Architecture
A question mark (?) after a word, phrase, or diagram component means that item is optional.
OpenScraping Context#
The below diagram illustrates a common example of how OpenScraping is used in a broader context/on a macro scale.
graph TB
subgraph A [Client]
end
A -->|Create Job| B[OpenScraping Job API]
subgraph Scraper
B -->|Distributes Job to an Agent| C[Agent]

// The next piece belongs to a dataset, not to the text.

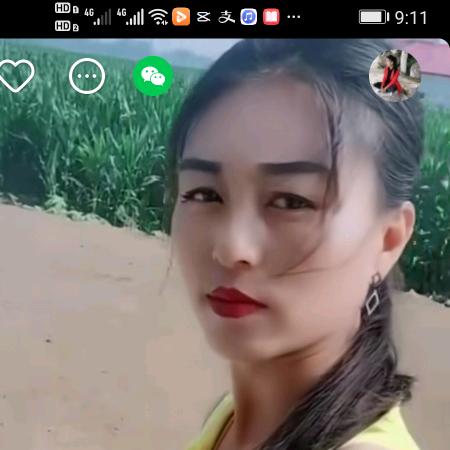 仙人掌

C -->|Run, and store in?| D[(Data Store)]
end
A -->|Retrieve Data| D
A -->|Check status| B
B -->|Notify Job completed, with data?| A
Agent Execution#
This diagram shows a visual representation of the rough execution flow of any given OSP agent.
graph TB
B[Job Service] -->|Fetch job for agent| C[Requestor]
subgraph Agent
C --> D[Matcher 1]
C --> K[Matcher 2]
K --> J[No Match, end]
C --> L[... Matcher N]
L --> J[No Match, end]
subgraph Matcher Processing
D --> E[Parser?]
E --> F[Extractor]
F --> G[Generator?]
end
end
G -->|Store relevant data| H[Data Service]
The Requestor accesses the network. TODO: Matchers are run in parallel to improve performance. Each Matcher Processing operation is run sequentially and synchronously on that Matcher's thread.